* [What you need to do]: What you give back should be only the lines from the one holding "Warm Dining Accent" through the final line of the records, each reproduced exactly.

* [Task input]:
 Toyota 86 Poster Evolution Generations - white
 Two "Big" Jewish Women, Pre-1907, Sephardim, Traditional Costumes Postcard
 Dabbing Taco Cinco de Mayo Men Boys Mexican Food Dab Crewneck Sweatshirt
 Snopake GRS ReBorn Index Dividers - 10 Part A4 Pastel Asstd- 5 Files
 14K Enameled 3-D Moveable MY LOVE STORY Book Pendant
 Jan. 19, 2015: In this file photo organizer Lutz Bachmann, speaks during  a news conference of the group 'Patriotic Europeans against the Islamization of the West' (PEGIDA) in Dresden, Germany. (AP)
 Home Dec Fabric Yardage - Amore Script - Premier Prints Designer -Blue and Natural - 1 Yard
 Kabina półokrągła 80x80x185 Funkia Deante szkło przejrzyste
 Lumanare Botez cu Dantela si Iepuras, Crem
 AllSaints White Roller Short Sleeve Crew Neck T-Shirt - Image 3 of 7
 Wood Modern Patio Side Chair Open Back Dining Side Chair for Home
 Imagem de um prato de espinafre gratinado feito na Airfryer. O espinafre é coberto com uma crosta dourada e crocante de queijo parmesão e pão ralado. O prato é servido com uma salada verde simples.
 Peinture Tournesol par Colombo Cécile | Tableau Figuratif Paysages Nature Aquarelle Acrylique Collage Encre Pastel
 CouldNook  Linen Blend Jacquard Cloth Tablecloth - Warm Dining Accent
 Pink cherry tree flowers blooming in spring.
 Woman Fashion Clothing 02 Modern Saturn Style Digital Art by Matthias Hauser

* [Response to the exercise]:
 CouldNook  Linen Blend Jacquard Cloth Tablecloth - Warm Dining Accent
 Pink cherry tree flowers blooming in spring.
 Woman Fashion Clothing 02 Modern Saturn Style Digital Art by Matthias Hauser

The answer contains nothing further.